The Gym Group has also recently upgraded its Customer Identity and Access Management with the Customer Identity Cloud solution. “We seamlessly migrated over 800,000 gym members over from our proprietary system to Customer Identity Cloud, giving them a Single Sign-On for all our consumer-facing apps. We haven’t made full use of everything it offers yet, but we will be doing so over the next few months,” says Jasper. 

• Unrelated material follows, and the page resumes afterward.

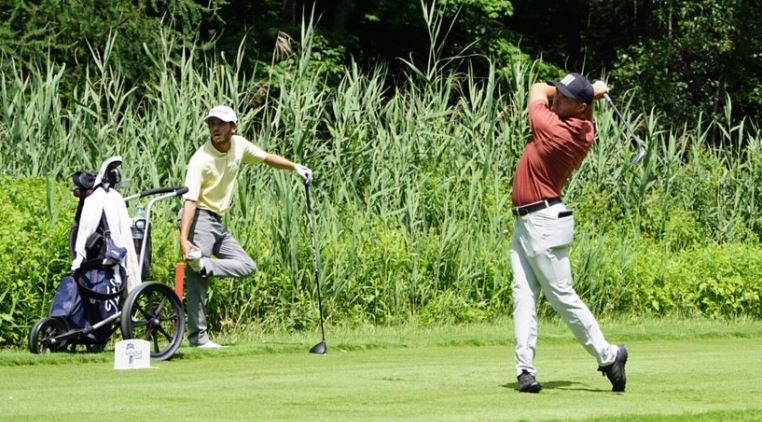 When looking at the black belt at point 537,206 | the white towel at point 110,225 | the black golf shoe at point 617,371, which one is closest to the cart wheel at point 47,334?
the white towel at point 110,225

Okta and Auth0 aid governance reporting 

The Gym Group is now a listed company, so it has to ensure it meets compliance obligations. The company has found this easier now it is using a variety of Customer Identity Cloud solutions. Jasper says: “Thanks to Okta and Customer Identity Cloud, we now have a much more granular understanding of what’s happening across the business and it’s so much easier for us to audit our security to meet our compliance and regulatory obligations.” 

In the future, The Gym Group is considering becoming ISO 27001 accredited and as Okta’s solutions already comply with this security standard, Jasper is confident that it will speed up this process. “Being able to demonstrate that we use the Okta identity platform for our information security management satisfies all of our stakeholders and helps us to pass regulatory specifications,” he says. “It ticks so many boxes for us, I sleep better knowing that we have a top quality, Identity and Access Management platform in place.”